**Try it**
Omit all images, then repeat exactly the lines below from the one containing "flying bird freedom" through the one containing "Hanah Home Consola Paris - Travertino Hanah", both ends included.

**Data for processing**
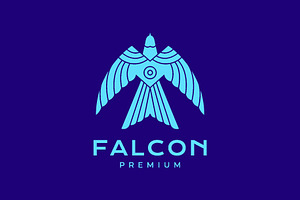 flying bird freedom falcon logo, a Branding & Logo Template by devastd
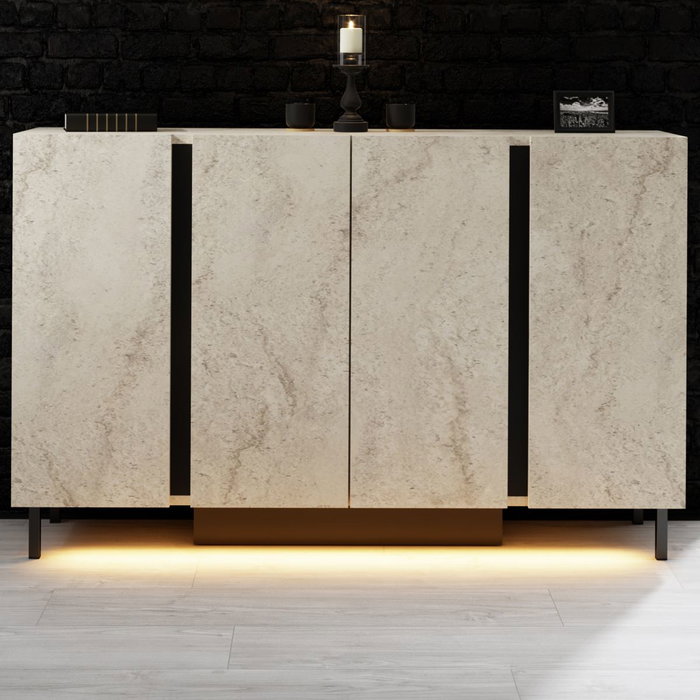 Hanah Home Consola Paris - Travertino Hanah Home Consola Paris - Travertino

--

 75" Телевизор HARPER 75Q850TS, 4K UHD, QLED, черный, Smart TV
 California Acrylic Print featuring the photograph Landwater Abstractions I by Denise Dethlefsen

**Task output**
 flying bird freedom falcon logo, a Branding & Logo Template by devastd
 Hanah Home Consola Paris - Travertino Hanah Home Consola Paris - Travertino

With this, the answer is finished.